Après la chute du royaume, le 10 août 1792, la Convention prend à son tour possession des Tuileries, et une commission mêlant des administrateurs et des artistes dont David est formée. Elle entame une course contre la montre pour préparer le Louvre, l'ouverture du «Muséum central des arts de la république». Son inauguration a lieu un an plus tard, le 10 août 1793: dans le Salon carré et la Grande Galerie, sont offerts au peuple les pièces des collections royales. Bientôt rehaussées d'œuvres saisies sur les biens de l'Eglise et des émigrés. Puis c'est le défilé des chefs-d'œuvre prélevés dans toute l'Europe par les armées françaises victorieuses. Après la campagne du général Bonaparte en Italie, les antiques des collections pontificales du Belvédère rejoignent notamment le Louvre: le Laocoom, l'Apollon et bien d'autres merveilles arrivent triomphalement au musée en juillet 1798, sur des chars richement décorés qu'escorte une foule enthousiaste. Le muséum est alors devenu «musée Napoléon». Un empereur qui redouble d'attention pour le Louvre: reprenant à son compte le Grand Dessein des Bourbons, il lance pour répondre à la Grande Galerie le projet d'une seconde aile reliant au nord du musée à son palais des Tuileries.
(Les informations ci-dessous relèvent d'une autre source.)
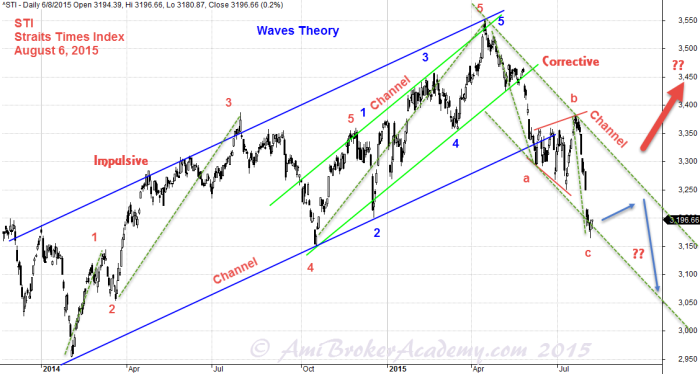 August 6, 2015 Straits Times Index and Waves Theory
Pour le Louvre, la chute de l'aigle sonne dès lors comme un nouveau coup d'arrêt. Malgré la résistance de Dominique Denon, admirable directeur du musée depuis 1802, les salles se vident de la plupart des œuvres «empruntées» à l'étranger. Et les travaux s'interrompent une énième fois.

Le renouveau du musée va d'abord passer par l'exploration d'horizons nouveaux. En 1826, Champollion, convainc Charles X d'acheter la collection d'Henry Salt, consul d'Angleterre en Egypte, qui lui permet d'ouvrir au Louvre la section des antiquités égyptiennes, le plus ancien musée d'égyptologie au monde. En 1843, est créé le musée assyrien (actuel Irak) qui présente les premières collections de la Mésopotamie.

Et c'est finalement un autre Bonaparte, Louis Napoléon, devenu Napoléon III, qui accomplit le rêve d'Henri IV. Inaugurant en 1857 ce Louvre enfin achevé, l'empereur salue «la réalisation d'un grand dessein soutenu par l'instinct du pays pendant plus de trois cents ans».

XXe siècle : le Louvre à l'étroit

Le 23 mai 1871, lors de la Semaine sanglante qui met fin à la Commune, trois communards en retraite, munis de pétrole, de goudron et de poudre incendient les Tuileries, symbole d'un pouvoir haï. Le feu se propage à une partie de l'aile Richelieu.

Le musée du Louvre va vite avoir besoin de place. Avec le XXe siècle naît en effet la muséologie: par souci de pédagogie, on espace les œuvres jusqu'alors présentées de façon extrêmement resserrée. Le départ des œuvres asiatiques pour le musée Guimet, en 1945, celui des chefs-d'œuvre impressionnistes pour les galeries du Jeu de paume, en 1947, n'y suffisent pas. Il faut de nouvelles salles au Louvre. Besoin enfin satisfait après une attente de presque un siècle par la naissance du Grand Louvre.